The basic idea is dirt simple. After that, apparently the OP has an overview. Af...

The basic idea is dirt simple. After that, apparently the OP has an overview. After that, the math gets quite pure. E.g., the Markov assumption is that in the underlying process, the past and future are conditionally independent given the present. Fairly quickly start discussing this assumption in terms of sigma algebras from measure theory instead of just random variables. The sigma algebras are pretty: (a) If have the sigma algebra generated by a random variable, the random variable is determined (from memory from 20 years ago; my source was

I. I. Gihman and A. V. Skorohod, The Theory of Stochastic Processes I, ISBN 0-387-06573-3, Springer-Verlag, New York, 1974.

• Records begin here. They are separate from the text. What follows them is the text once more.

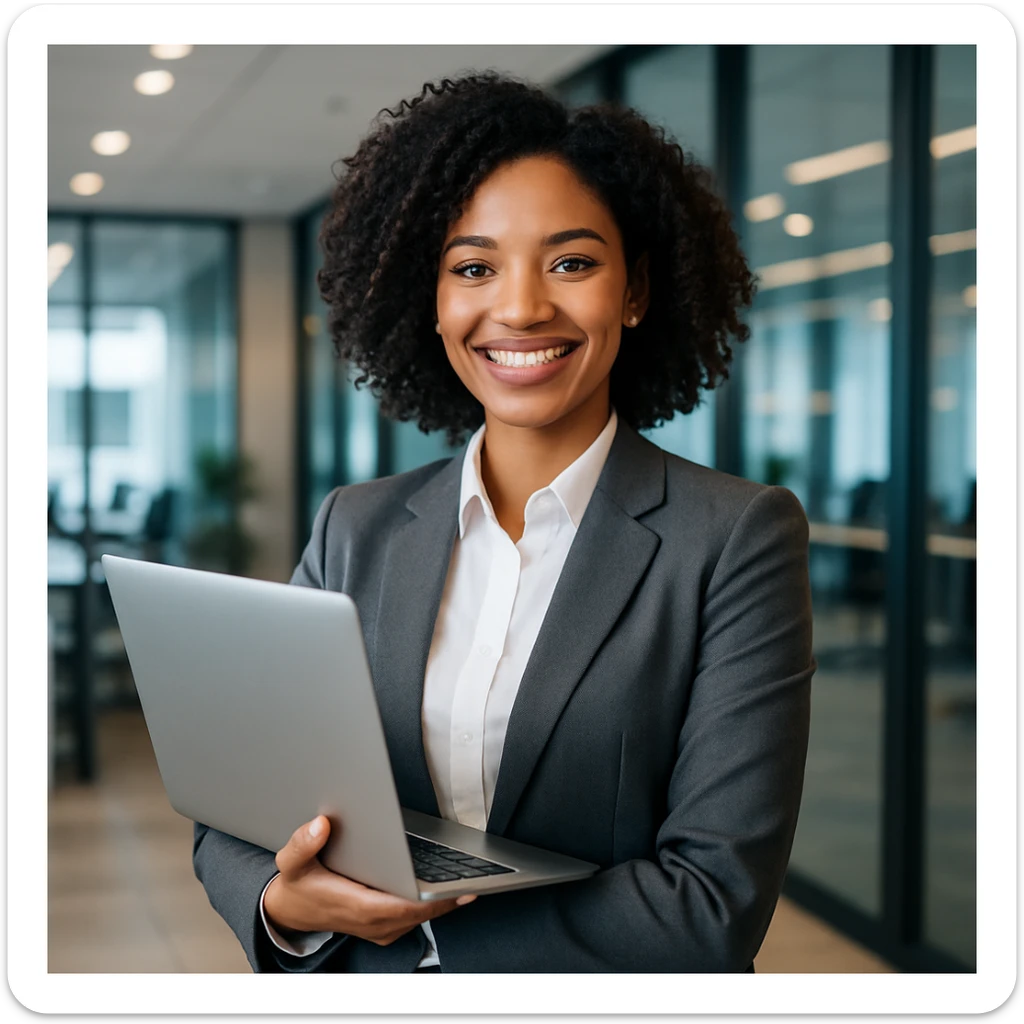 A mixed race young woman in a blazer, holding a laptop, smiling confidently, representing a successful corporate leader. sticker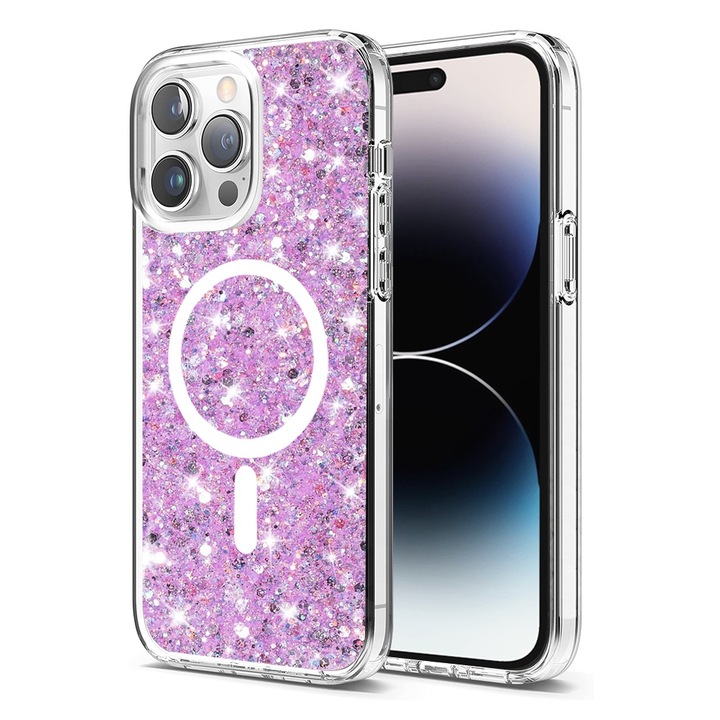 Husa Protectie pentru iPhone 14 Pro Max, Cipsir Safe, Sparkly Glitter, V23, Lexgard, Magenta
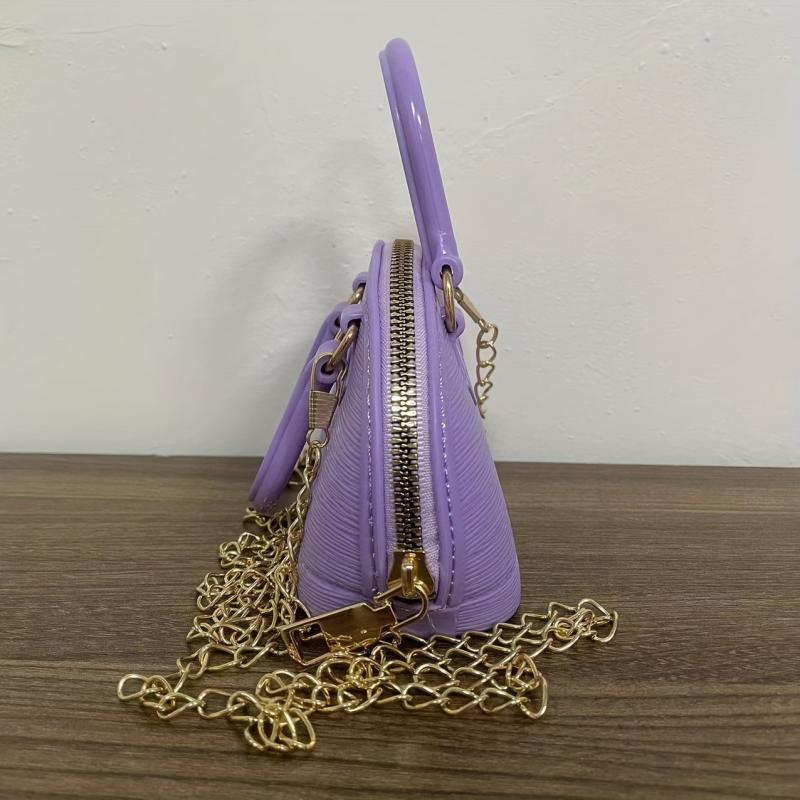 Solid Shell Bag Zipper Chain Bag Women's Satchel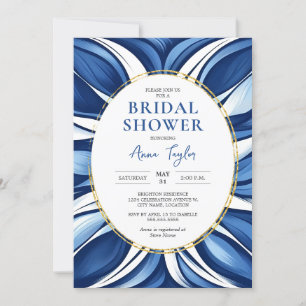 Blue Bliss Bio florales Brautparty Einladung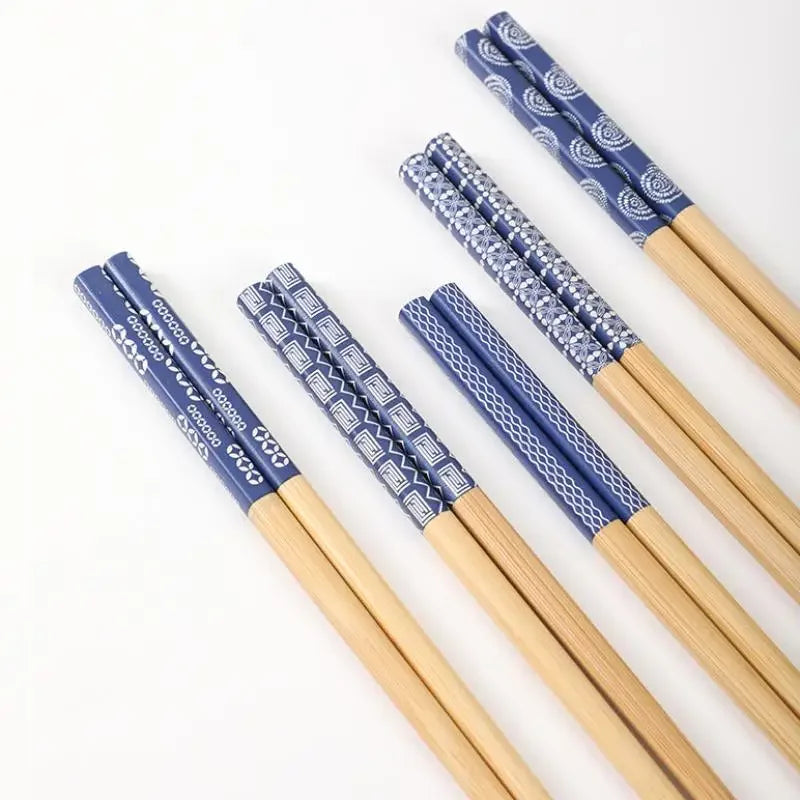 5Pairs Reusable Handmade Japanese Natural Bamboo Wood Chopsticks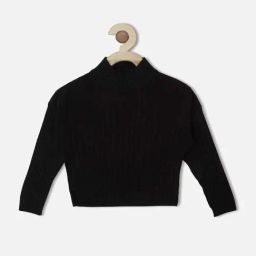 Vitamins Girls Black Self Flat Knit Top-image-9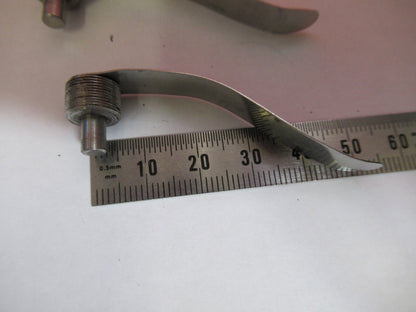 ANTIQUE BAUSCH LOMB PAIR CLIPS SET OPTICS MICROSCOPE PART AS PICTURED  T7-A-08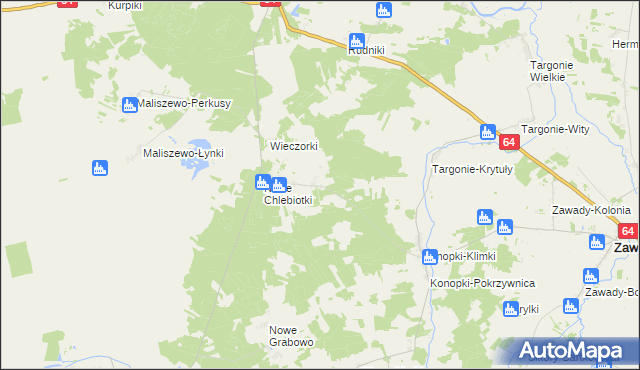 mapa Stare Chlebiotki, Stare Chlebiotki na mapie Targeo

and I lost my copy in a move and have yet to order another from Springer). (b) If have infinitely many random variables, discussing conditional independence is at least clumsy but the sigma algebra they generate makes talking about conditional independence easy. Where to get infinitely many random variables? In the continuous time case, the past one second will do. In the discrete time case, the full past of the process if assume the process goes back all the way in time.

But, sure, in practice, can't do anything very direct with sigma algebras, that is, they are pretty theory.

Here is the whole idea in a reasonably general case in brief:

Do some financial planning for the next five years. Make time discrete, say, one point in time for each month. Have a point at the beginning and also at the end for a total of 61 points.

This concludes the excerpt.